On 2014-01-08 09:32, Mike Parker wrote:

It's only necessary to have an abstract renderer interface with concrete
backend implementations at the lowest level. Then user-facing API
(std.gfx.geometry, std.gfx.svg, or whatever) operates through the
renderer interface. For this sort of package, I don't believe the
renderer interface should be exposed to the user at all. Doing so would
greatly inhibit the freedom to refactor it down the road. And that
freedom, I think, is important for long-term maintenance.

I'm saying it would be nice to have access to the platform handles (and similar) when the high level API isn't enough.

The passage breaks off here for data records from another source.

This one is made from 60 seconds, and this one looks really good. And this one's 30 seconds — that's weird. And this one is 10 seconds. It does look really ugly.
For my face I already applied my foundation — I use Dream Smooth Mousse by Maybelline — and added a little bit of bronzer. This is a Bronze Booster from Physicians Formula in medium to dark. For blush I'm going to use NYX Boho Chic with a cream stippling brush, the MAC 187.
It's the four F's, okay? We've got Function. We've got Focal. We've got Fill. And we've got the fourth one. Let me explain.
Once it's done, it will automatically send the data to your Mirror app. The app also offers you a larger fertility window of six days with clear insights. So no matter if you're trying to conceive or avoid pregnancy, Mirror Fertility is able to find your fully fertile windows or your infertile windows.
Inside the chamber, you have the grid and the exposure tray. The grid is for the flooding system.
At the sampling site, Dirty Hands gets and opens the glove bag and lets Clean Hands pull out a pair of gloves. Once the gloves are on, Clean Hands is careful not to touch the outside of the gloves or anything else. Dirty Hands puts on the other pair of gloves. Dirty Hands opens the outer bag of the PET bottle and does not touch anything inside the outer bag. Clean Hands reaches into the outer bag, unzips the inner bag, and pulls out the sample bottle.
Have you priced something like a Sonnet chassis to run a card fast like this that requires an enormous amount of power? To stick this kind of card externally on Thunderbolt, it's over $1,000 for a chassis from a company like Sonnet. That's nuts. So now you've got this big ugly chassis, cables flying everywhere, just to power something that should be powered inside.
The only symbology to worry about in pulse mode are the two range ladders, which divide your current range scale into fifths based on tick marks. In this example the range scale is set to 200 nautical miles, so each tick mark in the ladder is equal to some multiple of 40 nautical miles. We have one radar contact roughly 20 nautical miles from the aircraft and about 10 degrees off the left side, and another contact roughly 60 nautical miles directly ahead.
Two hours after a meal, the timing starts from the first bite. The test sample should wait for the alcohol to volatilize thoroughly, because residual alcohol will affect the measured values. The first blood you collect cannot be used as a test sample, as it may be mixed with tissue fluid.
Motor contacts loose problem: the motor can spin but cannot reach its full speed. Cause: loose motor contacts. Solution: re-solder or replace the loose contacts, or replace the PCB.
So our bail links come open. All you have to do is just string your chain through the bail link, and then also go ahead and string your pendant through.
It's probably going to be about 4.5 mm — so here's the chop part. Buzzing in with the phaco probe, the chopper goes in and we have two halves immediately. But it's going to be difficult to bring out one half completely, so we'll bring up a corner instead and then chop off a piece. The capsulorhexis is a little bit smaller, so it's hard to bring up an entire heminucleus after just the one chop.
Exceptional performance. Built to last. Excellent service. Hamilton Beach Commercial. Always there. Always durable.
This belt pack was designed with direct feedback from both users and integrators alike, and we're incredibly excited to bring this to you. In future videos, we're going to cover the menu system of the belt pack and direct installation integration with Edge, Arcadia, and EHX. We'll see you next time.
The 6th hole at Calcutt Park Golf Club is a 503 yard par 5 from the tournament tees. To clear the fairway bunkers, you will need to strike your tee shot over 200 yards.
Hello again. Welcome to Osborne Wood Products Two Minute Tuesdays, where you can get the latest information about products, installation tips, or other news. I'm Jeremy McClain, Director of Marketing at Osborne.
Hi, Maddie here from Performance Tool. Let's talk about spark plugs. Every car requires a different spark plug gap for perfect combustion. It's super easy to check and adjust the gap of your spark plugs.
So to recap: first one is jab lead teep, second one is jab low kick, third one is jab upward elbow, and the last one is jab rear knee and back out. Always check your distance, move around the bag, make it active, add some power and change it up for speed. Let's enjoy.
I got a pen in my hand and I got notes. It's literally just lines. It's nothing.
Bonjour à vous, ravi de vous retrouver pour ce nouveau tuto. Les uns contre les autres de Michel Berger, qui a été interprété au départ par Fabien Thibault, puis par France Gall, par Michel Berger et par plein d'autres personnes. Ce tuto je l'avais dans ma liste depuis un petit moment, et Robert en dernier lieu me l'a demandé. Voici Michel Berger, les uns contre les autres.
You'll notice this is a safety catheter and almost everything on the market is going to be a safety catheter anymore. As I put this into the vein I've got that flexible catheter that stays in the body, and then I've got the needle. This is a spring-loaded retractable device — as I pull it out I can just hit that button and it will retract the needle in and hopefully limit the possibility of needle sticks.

By "default", I mean "fallback", for cases when there's no, or
problematic, hardware acceleration available. As to which and how many
hardware-accelerated backends ship along with that, that's very much
open to debate. Which versions of OpenGL to support out of the box,
whether or not a D3D renderer should be included and, if so, which
version, and so on.

I see.

Honestly, I'd prefer not to see this package in Phobos at all. That
implies a number of constraints, both design time and run time, that
would not be necessary if it were left as a third-party dub-enabled
package. Anything in Phobos has to work where D works, be it on a
headless server or a tweaked-out gaming rig, or on an old system or a
future one. Maximum portability and maintainability need to take
priority over performance. If the graphics API can't work in all of
those possible environments, then it has no business being part of the
standard library.

I think you're exaggerating a bit. I wouldn't expect a graphics library to work if I don't have a screen and/or graphics card. Do you expect std.net/socket to work without a NIC?

I would like to see it as an official library distributed with D, but not necessarily included in Phobos.